Environmental groups and 75 scientists have asked President Barack Obama to halt the program because they say seismic blasts are as loud as explosions and can mark whale calls over thousands of miles.

The Florida Department of Environmental Protection last week sent a letter raising concerns that testing could harm sea turtles, marine mammals including endangered right whales and other sea life.

Nelson, a Democrat from Melbourne, filed legislation this week that would establish a moratorium on seismic testing off Florida. The moratorium could be lifted when the administrator of the National Oceanic and Atmospheric Administration determines that the “reasonably foreseeable impacts” on sea life is minimal.

Nelson reiterated his opposition to drilling off the coast of Florida.

“Drilling off Florida’s Atlantic coast would be unwise and impractical,” he said. “It would interfere with military operations off of Jacksonville and rocket launches from Kennedy Space Center and Patrick Air Force base, not to mention the environmental hazards it would pose.

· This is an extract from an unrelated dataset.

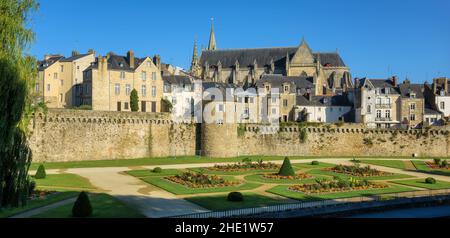 Panoramablick auf die Altstadt von Vannes, Bretagne, Frankreich Stockfoto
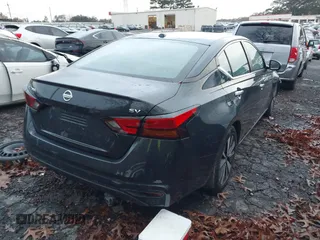 2022 Nissan Altima 2.5 SV with VIN 1N4BL4DV1NN319260, listed as a IAAI auction lot 41056047 with 68,316 mi miles. Bid and sale history available at carsss.com. Image 4.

“If you’re not going to drill there, then why do the seismic testing?” Nelson asked.

Jacksonville Beach adopted a resolution last month, as have Fernandina Beach, Neptune Beach, Atlantic Beach, St. Augustine and St. Marys, Ga., according to the Orlando Sentinel.

Jacksonville Mayor Alvin Brown also wrote to Energy Management officials last year, asking them not to permit seismic testing, the newspaper reported.
“We’re certainly concerned. Our beach is our biggest asset, and the marine life in our ocean is pretty important,” said Jacksonville Beach Mayor Charlie Latham, who sought the resolution.